(Stored items from a collection)
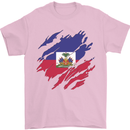Torn Haiti Flag Haitian Day Football Mens T-Shirt 100% Cotton Light Pink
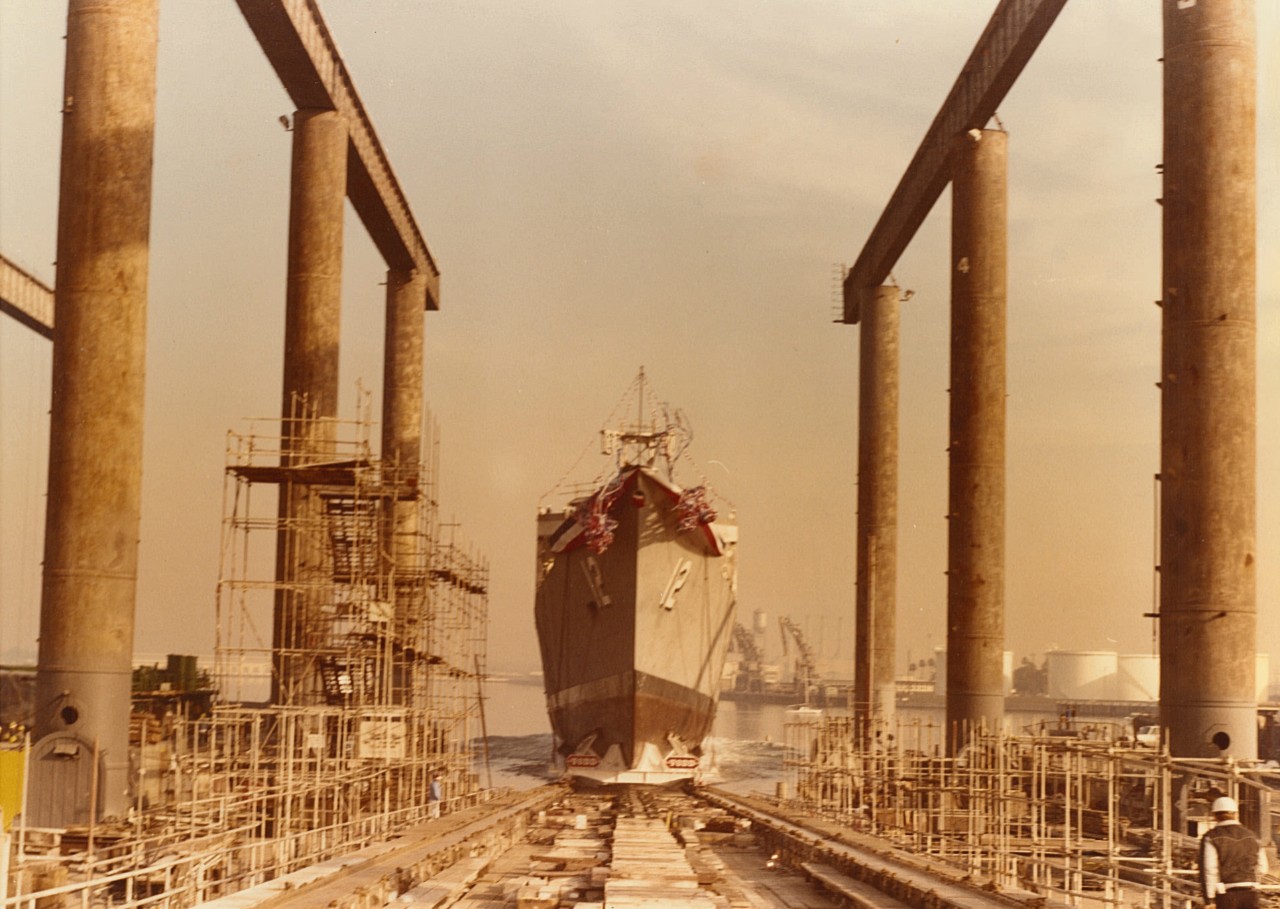 George Philip (FFG-12) slides down the ways at Todd Pacific Shipyards at her launching, 16 December 1978. (Ship Name and Sponsor Files Box 81, George Philip History, Naval History and Heritage Command)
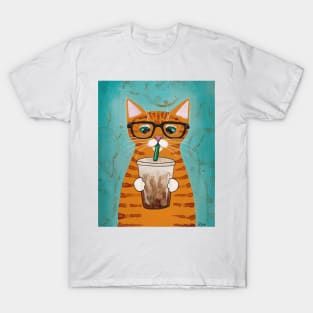 Ginger Tabby With Iced Coffee T-Shirt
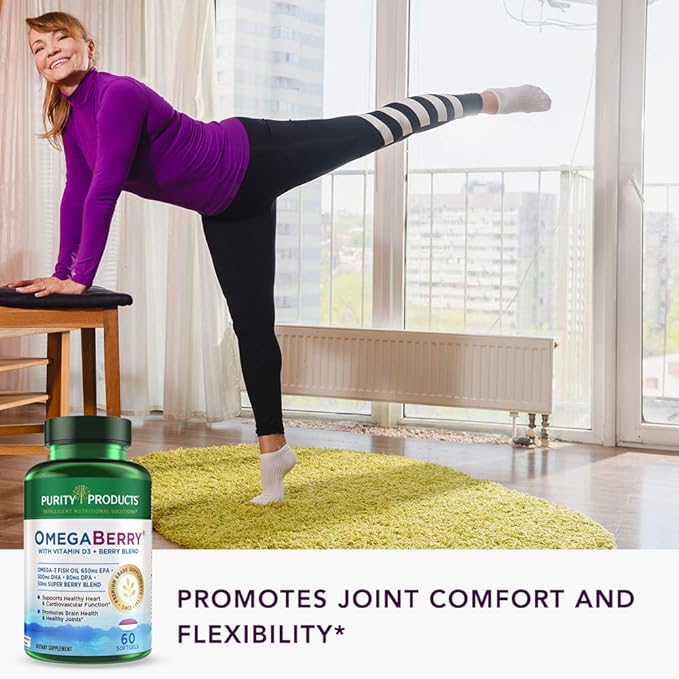 Purity Products OmegaBerry Fish Oil D3 and 1250mg Concentrated Omega-3 Fish 500mg DHA 650mg EPA 60 Soft 30 Day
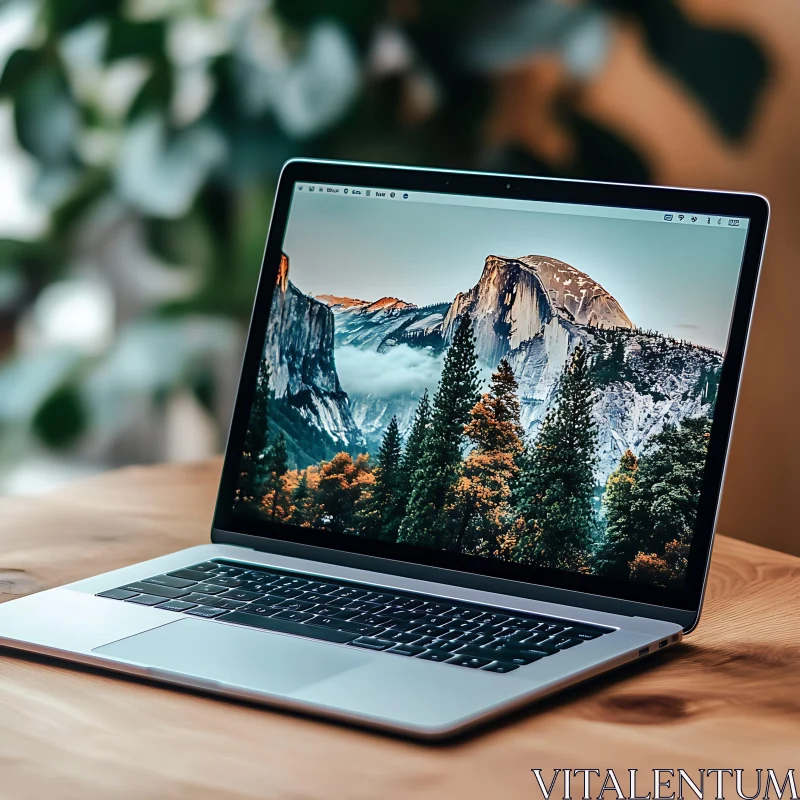 Laptop with Nature-Inspired Wallpaper AI Image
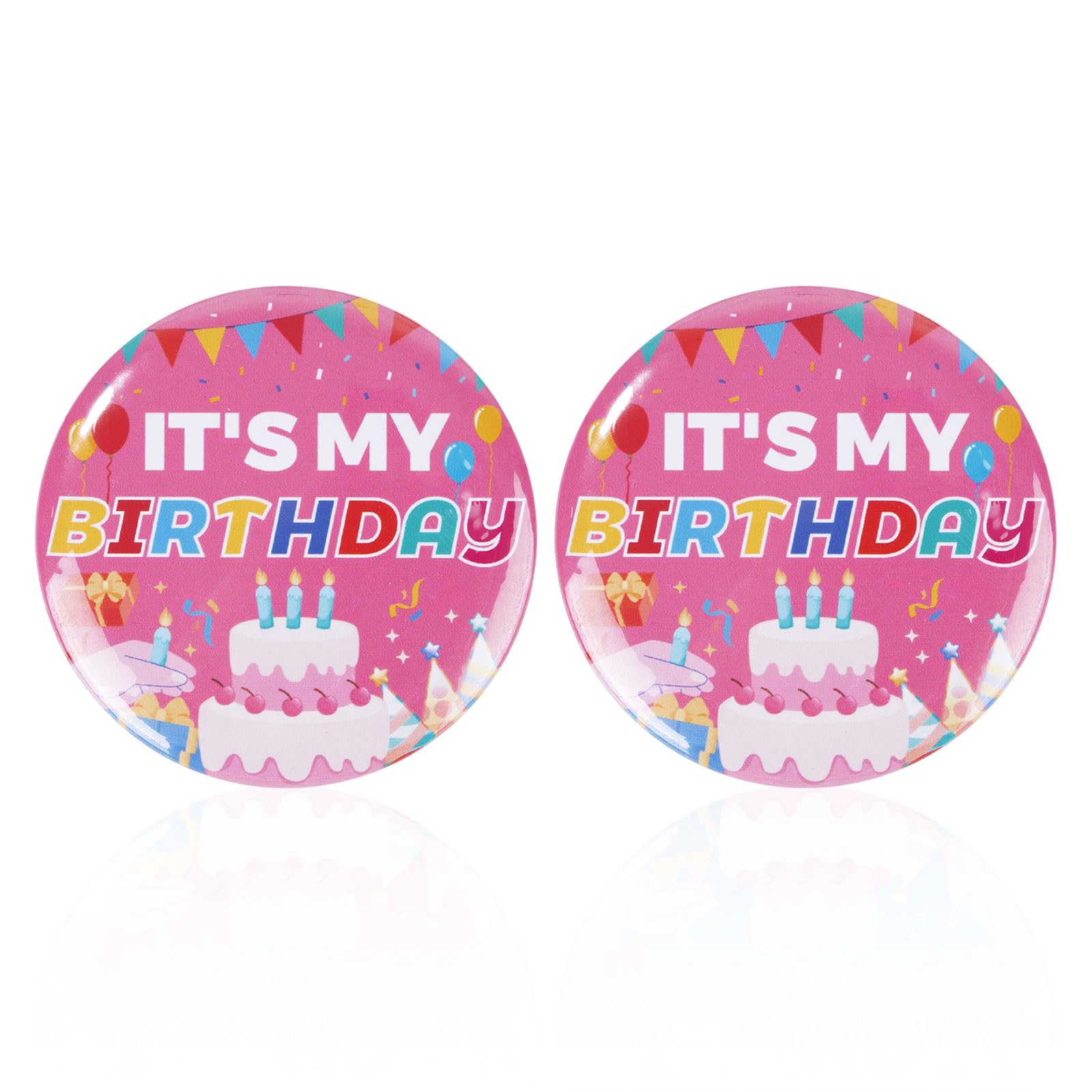 2pcs Happy Birthday Pins, 2.28 Inch It's My Birthday Badge Cute Brooch for Boys Girls Cute Party Decorations Women Men Gifts Celebrations (Pink)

■ Task to carry out: The copy must start at the line containing "Purity Products OmegaBerry" and end at the last line of the data, matching each line exactly. It must hold no pictures.

■ Written reply:
 Purity Products OmegaBerry Fish Oil D3 and 1250mg Concentrated Omega-3 Fish 500mg DHA 650mg EPA 60 Soft 30 Day
 Laptop with Nature-Inspired Wallpaper AI Image
 2pcs Happy Birthday Pins, 2.28 Inch It's My Birthday Badge Cute Brooch for Boys Girls Cute Party Decorations Women Men Gifts Celebrations (Pink)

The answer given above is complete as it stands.